[Records excerpted from a collection]
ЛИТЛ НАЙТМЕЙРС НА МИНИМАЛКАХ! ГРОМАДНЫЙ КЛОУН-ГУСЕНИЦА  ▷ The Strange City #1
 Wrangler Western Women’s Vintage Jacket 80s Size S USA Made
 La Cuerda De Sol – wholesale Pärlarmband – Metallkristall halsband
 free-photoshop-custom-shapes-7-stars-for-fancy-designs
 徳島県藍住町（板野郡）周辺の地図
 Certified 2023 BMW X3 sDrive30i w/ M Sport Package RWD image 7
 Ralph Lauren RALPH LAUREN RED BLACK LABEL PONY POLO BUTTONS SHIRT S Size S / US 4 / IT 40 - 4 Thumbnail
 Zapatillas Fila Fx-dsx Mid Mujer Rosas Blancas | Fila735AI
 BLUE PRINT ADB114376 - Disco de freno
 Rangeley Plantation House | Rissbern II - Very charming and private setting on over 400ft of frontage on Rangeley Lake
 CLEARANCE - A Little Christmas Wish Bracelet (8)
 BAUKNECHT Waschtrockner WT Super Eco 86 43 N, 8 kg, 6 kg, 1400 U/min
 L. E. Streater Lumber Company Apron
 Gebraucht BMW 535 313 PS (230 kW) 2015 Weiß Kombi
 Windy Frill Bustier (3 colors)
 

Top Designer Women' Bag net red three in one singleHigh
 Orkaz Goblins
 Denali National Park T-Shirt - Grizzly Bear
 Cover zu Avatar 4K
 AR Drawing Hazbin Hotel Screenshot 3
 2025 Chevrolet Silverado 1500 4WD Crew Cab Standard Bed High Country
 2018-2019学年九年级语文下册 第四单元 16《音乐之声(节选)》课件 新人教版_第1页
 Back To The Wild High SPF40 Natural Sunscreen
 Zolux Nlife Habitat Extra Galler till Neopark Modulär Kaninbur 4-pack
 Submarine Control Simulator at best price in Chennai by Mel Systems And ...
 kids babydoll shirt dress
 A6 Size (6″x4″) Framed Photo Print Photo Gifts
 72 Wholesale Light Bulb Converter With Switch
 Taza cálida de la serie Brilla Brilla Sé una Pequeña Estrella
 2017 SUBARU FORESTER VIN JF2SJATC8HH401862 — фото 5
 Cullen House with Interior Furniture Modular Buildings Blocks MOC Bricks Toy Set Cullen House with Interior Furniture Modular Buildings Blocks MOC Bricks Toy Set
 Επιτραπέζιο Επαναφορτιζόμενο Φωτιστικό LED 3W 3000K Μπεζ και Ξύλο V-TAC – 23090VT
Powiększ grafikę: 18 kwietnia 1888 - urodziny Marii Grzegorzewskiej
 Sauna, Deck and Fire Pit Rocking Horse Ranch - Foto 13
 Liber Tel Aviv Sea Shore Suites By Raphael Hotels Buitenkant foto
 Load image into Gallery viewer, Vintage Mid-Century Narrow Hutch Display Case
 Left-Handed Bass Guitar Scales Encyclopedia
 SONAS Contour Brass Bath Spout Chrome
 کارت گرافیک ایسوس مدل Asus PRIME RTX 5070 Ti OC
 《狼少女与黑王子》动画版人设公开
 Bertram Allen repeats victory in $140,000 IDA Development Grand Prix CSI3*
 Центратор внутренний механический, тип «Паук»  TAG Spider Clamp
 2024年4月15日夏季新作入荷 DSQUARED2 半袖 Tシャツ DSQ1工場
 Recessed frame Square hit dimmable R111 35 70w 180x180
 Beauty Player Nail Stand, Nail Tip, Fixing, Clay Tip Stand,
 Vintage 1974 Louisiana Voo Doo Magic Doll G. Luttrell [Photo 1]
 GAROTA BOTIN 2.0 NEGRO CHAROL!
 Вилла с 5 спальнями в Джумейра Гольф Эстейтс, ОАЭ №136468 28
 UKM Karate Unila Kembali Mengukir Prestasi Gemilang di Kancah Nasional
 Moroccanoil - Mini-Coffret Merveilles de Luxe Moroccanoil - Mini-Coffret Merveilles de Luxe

→ **Activity**
Show me every line of the entries above that holds "Vintage".

→ **Task response**
 Wrangler Western Women’s Vintage Jacket 80s Size S USA Made
 Load image into Gallery viewer, Vintage Mid-Century Narrow Hutch Display Case
 Vintage 1974 Louisiana Voo Doo Magic Doll G. Luttrell [Photo 1]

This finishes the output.